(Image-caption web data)
———
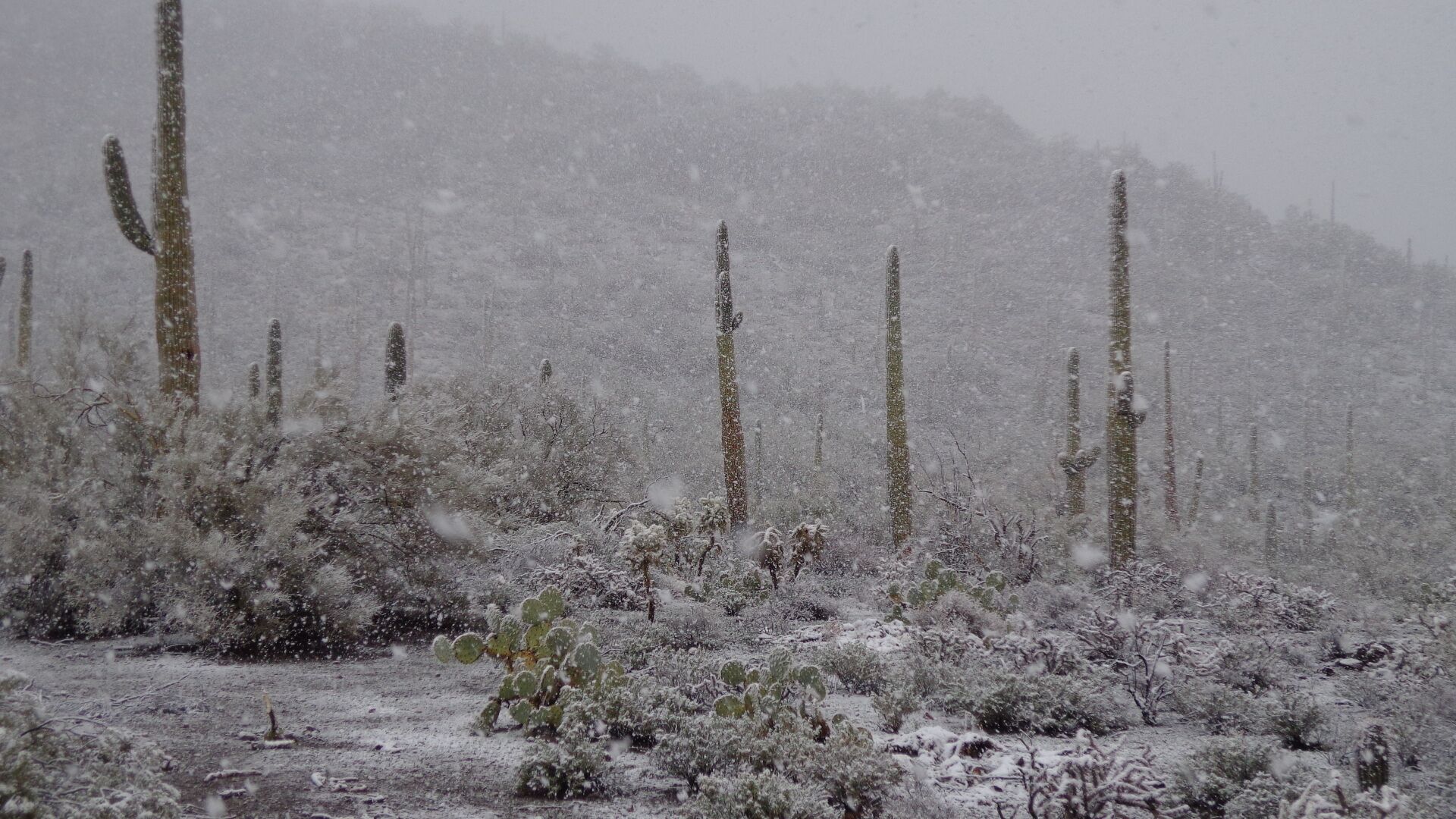 Wüstenlandschaft mit Kakteen und vereinzelter Vegetation unter einer dicken Schneedecke.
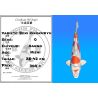 Koï Japon Beni Kikokuryu éleveur Kanno 28-42cm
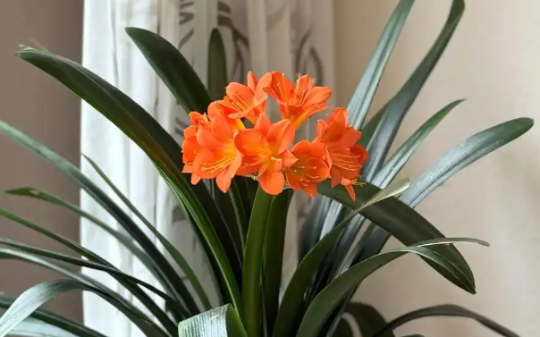 普通人真不建议养君子兰，它的几大缺点大部分人都无法接受，简直像个祖宗…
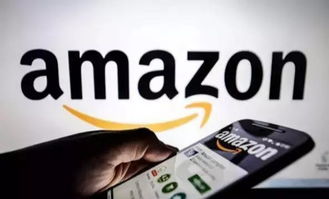 全面调查供应商及竞争对手， 杜绝侵权源头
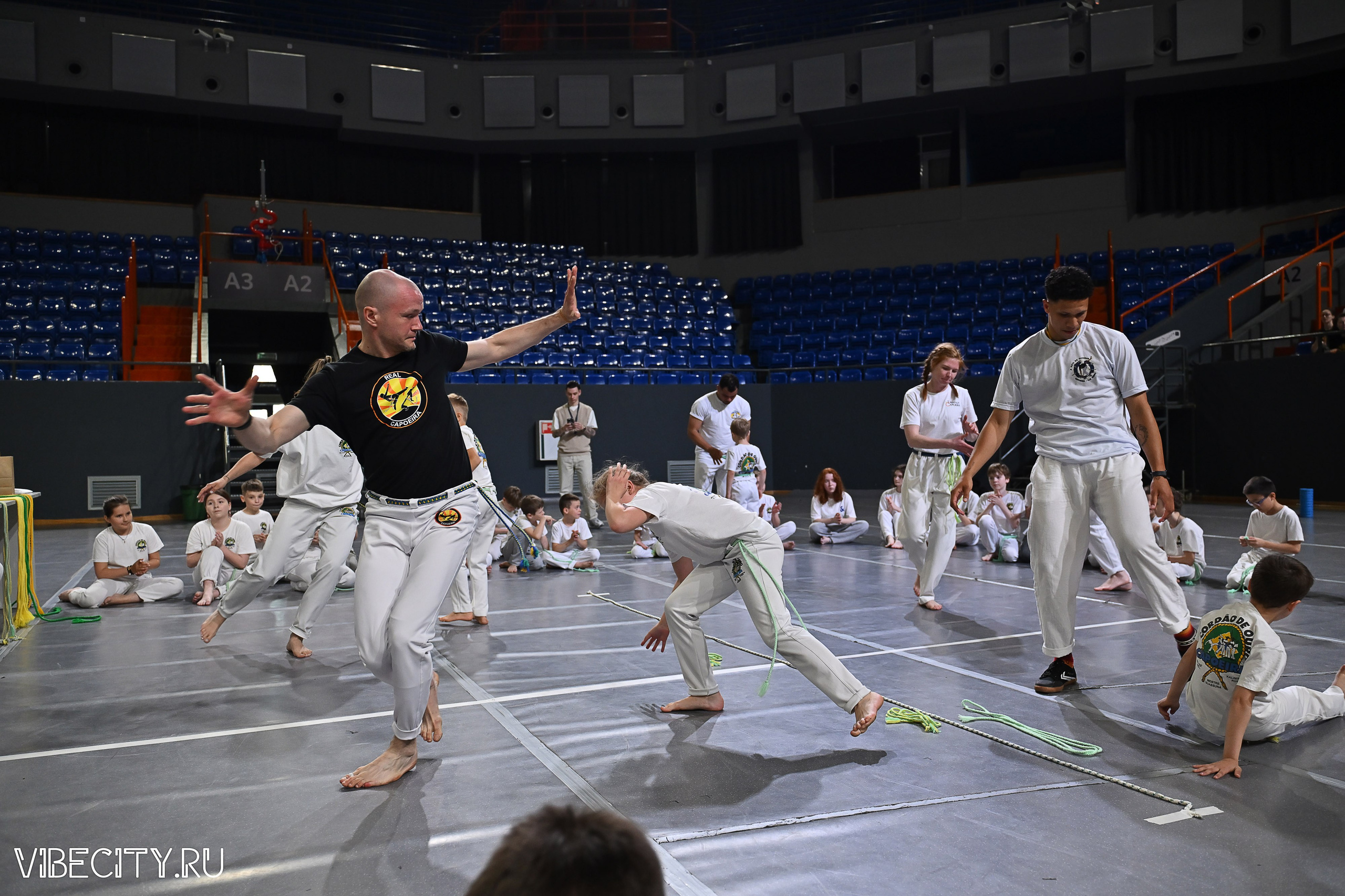 Капоэйра. Вручение поясов. VIBECITY.RU Вайб Сити Ру Фоторепортажи Фотоотчеты Калининград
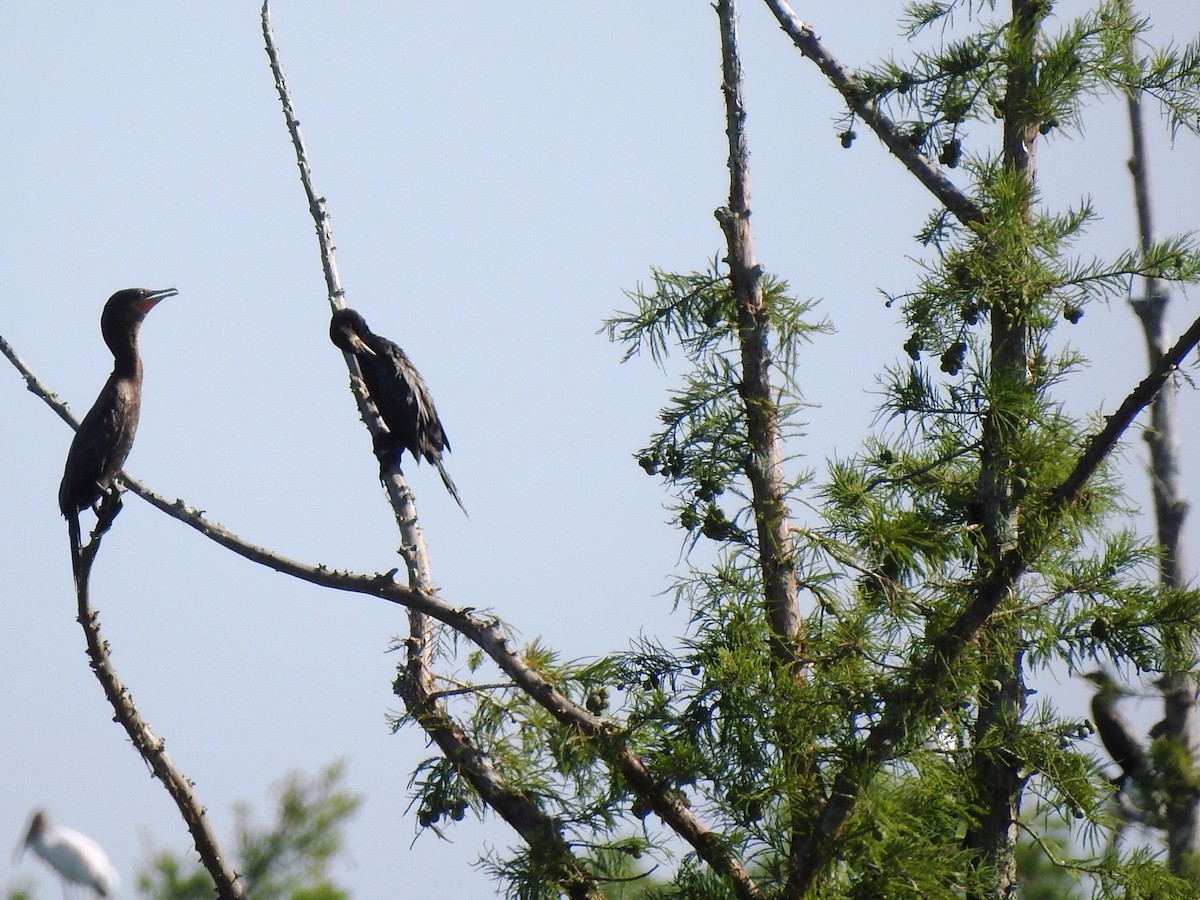 Neotropic Cormorant - ML106060441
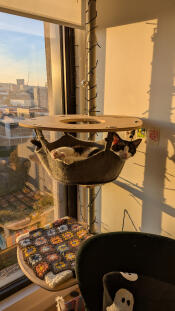 Warm sunshine bliss!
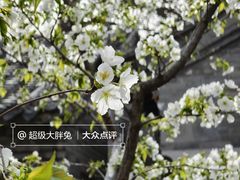 -济南大明湖景区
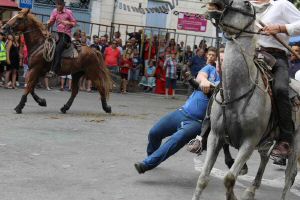 IMG_1556.JPG
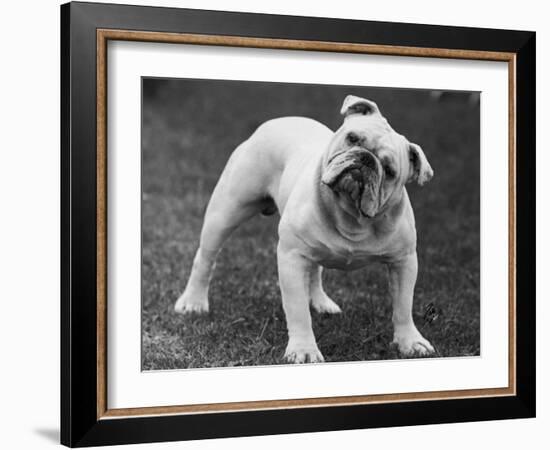 Bulldog-Thomas Fall-Framed Photographic Print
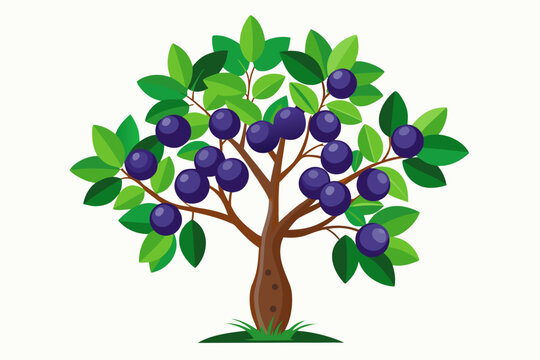 jamun tree with green leaves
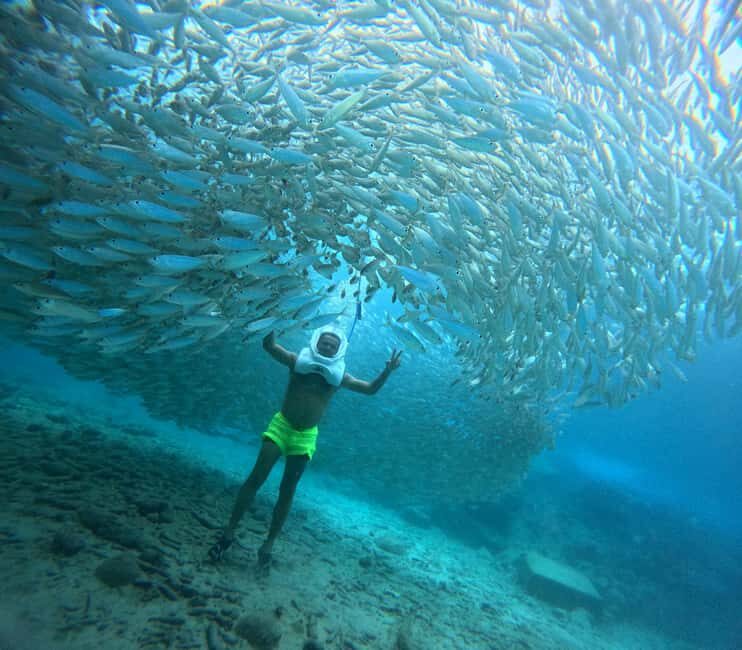Tenerife: Underwater Walk - Sea Trek Experience - What to Expect from Your Underwater Walk
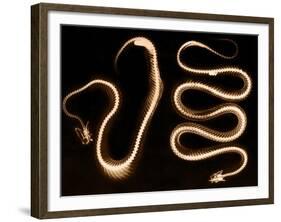 Snake Skeletons, X-ray-Science Source-Framed Giclee Print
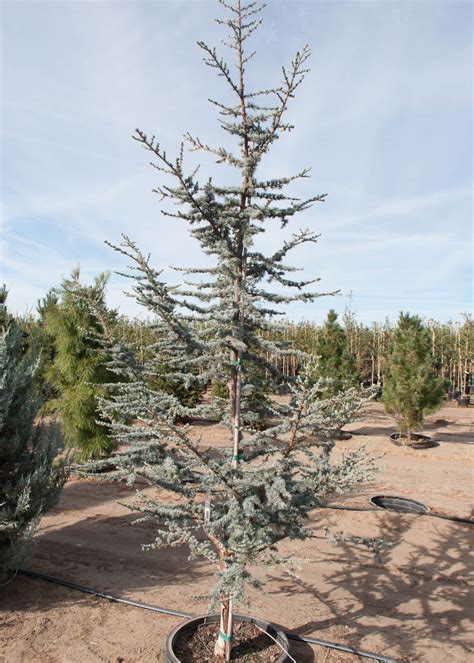 Blue Atlas Cedar Tree | Buy Online, Pickup at Nursery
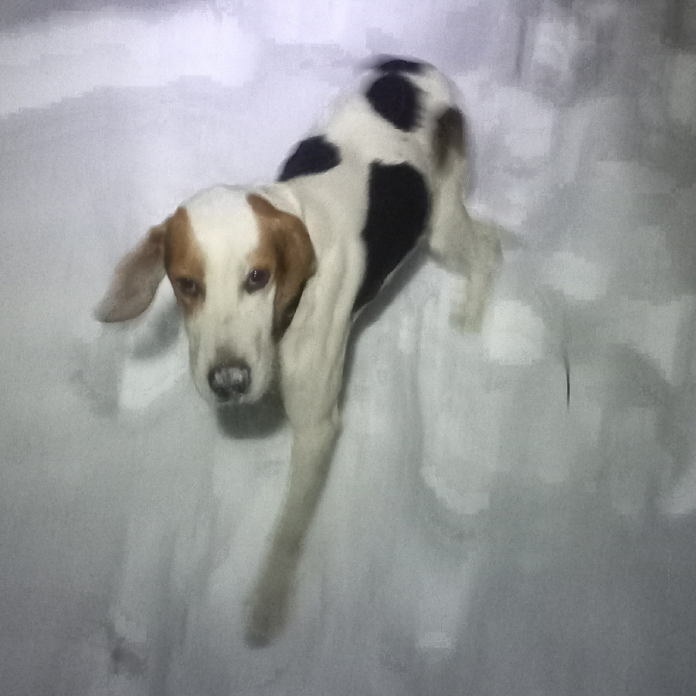 Потерялся пес. Пителино. 30.01.25_3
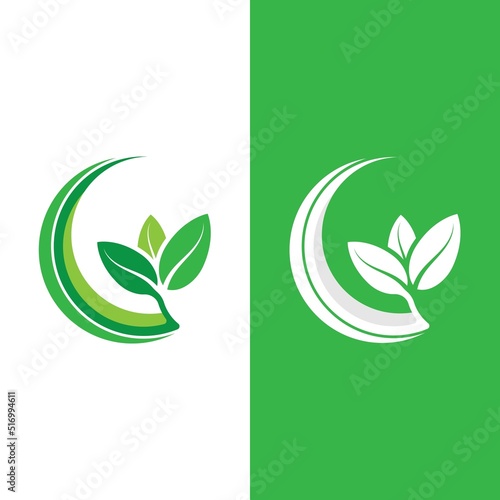 Logos of green tree leaf ecology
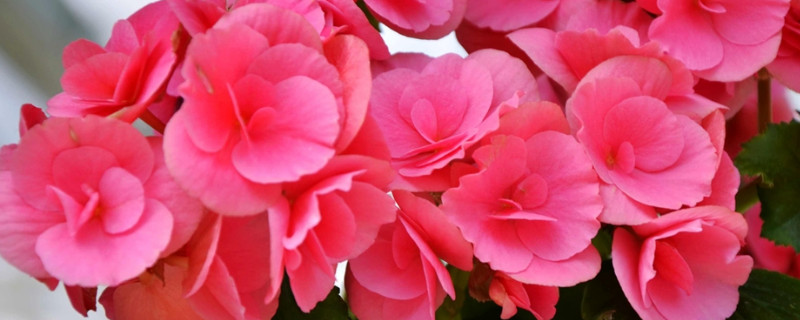室内养玻璃翠花有毒有害吗 花卉玻璃翠有毒吗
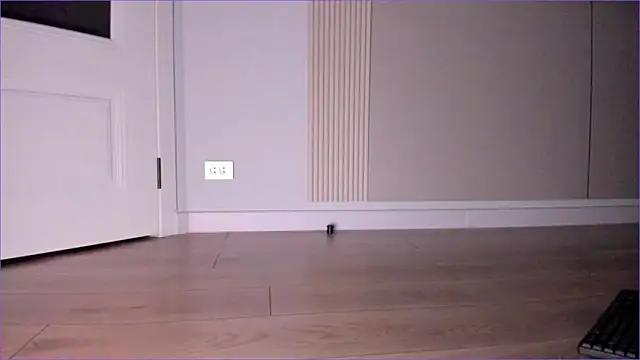 jin__ray's cam snapshot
———
**Your instructions**:
Write out the data above exactly as it appears, but without any image.

**Reply to the task**:
 Wüstenlandschaft mit Kakteen und vereinzelter Vegetation unter einer dicken Schneedecke.
 Koï Japon Beni Kikokuryu éleveur Kanno 28-42cm
 普通人真不建议养君子兰，它的几大缺点大部分人都无法接受，简直像个祖宗…
 全面调查供应商及竞争对手， 杜绝侵权源头
 Капоэйра. Вручение поясов. VIBECITY.RU Вайб Сити Ру Фоторепортажи Фотоотчеты Калининград
 Neotropic Cormorant - ML106060441
 Warm sunshine bliss!
 -济南大明湖景区
 IMG_1556.JPG
 Bulldog-Thomas Fall-Framed Photographic Print
 jamun tree with green leaves
Tenerife: Underwater Walk - Sea Trek Experience - What to Expect from Your Underwater Walk
 Snake Skeletons, X-ray-Science Source-Framed Giclee Print
 Blue Atlas Cedar Tree | Buy Online, Pickup at Nursery
 Потерялся пес. Пителино. 30.01.25_3
 Logos of green tree leaf ecology
室内养玻璃翠花有毒有害吗 花卉玻璃翠有毒吗
 jin__ray's cam snapshot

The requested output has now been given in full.